‘The Wisconsin Experience’ begins for thousands of new Badgers at 2022 Convocation
The University of Wisconsin–Madison welcomed thousands of first-year students to campus Tuesday, with Chancellor Jennifer L. Mnookin noting that she and the incoming Badgers share something in common.
“You are all going to be a very special class to me because we’re starting here together,” she told the audience at New Student Convocation. Mnookin, the university’s 30th leader, began Aug. 4.
Convocation is UW–Madison’s formal welcome ceremony for all new freshmen and transfer students. For thousands of incoming students, the event at the Kohl Center is their entry into higher education and the beginning of their academic experience at UW–Madison.
Mnookin shared that this year’s freshman class is expected to be the largest in history at about 8,600 students — selected from a record-breaking pool of applicants of more than 60,000. More than 1,000 transfer students also are joining campus this fall.

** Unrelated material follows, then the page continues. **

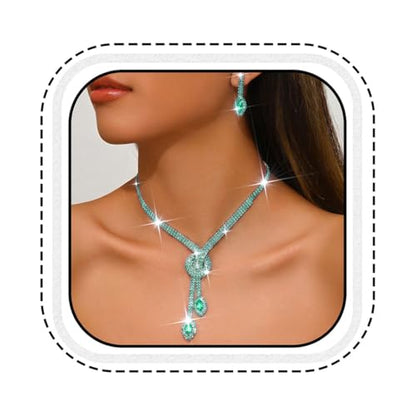 Unicra Silver Rhinestone Bridal Wedding Jewelry Set Crystal Necklace Earrings Sets Formal Prom Costume Jewelry Sets for Women and Brides - color: Green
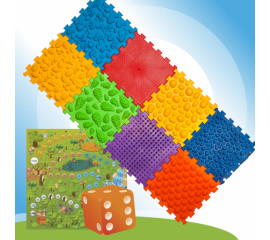 Массажный коврик из 8 элементов + игра «Лесные приключения» 27x28 см, Ortek (09631)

Mnookin introduced the new students to the concept of “sifting and winnowing,” the university’s way to describe the scholarly inquiry that generates insights and discoveries and builds new knowledge.
“You’re going to explore many different issues and ideas across lots of different academic fields,” Mnookin said. “You’ll learn to think critically, argue persuasively, listen carefully, and produce substantive work that goes beyond the level of excellence you reached in the past. Because here at UW–Madison, we discuss everything — the ideas we strongly agree with and the ideas we strongly disagree with.”
Student speaker Marina Kerekes, a junior from Waterville, Minnesota, encouraged new students to shed their preconceived notions about what their college experience needs to be. She entered UW–Madison on a pre-law track but became fascinated with monkey research and switched to anthropology.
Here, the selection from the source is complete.